• Task brief: Restate the records below exactly. Pictures are not part of the copy.

(Image-caption web data)
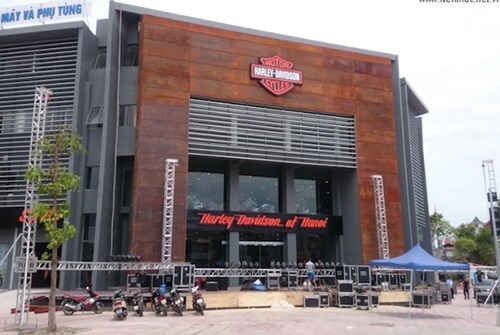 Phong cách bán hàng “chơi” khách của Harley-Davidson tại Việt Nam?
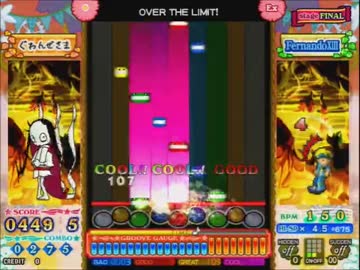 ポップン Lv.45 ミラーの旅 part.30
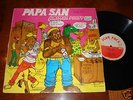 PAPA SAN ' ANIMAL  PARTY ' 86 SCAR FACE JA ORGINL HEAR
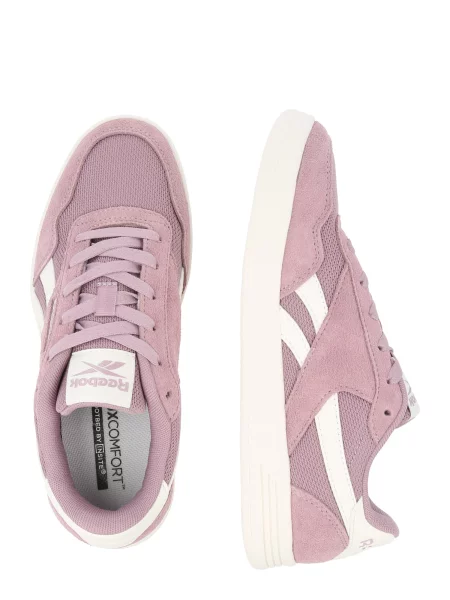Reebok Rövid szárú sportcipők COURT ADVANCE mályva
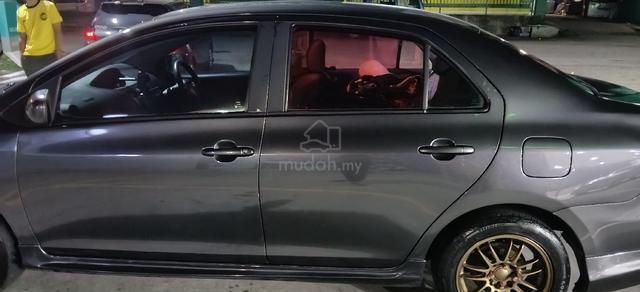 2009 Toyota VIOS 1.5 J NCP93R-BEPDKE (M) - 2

• Result of this task:
 Phong cách bán hàng “chơi” khách của Harley-Davidson tại Việt Nam?
 ポップン Lv.45 ミラーの旅 part.30
 PAPA SAN ' ANIMAL  PARTY ' 86 SCAR FACE JA ORGINL HEAR
Reebok Rövid szárú sportcipők COURT ADVANCE mályva
 2009 Toyota VIOS 1.5 J NCP93R-BEPDKE (M) - 2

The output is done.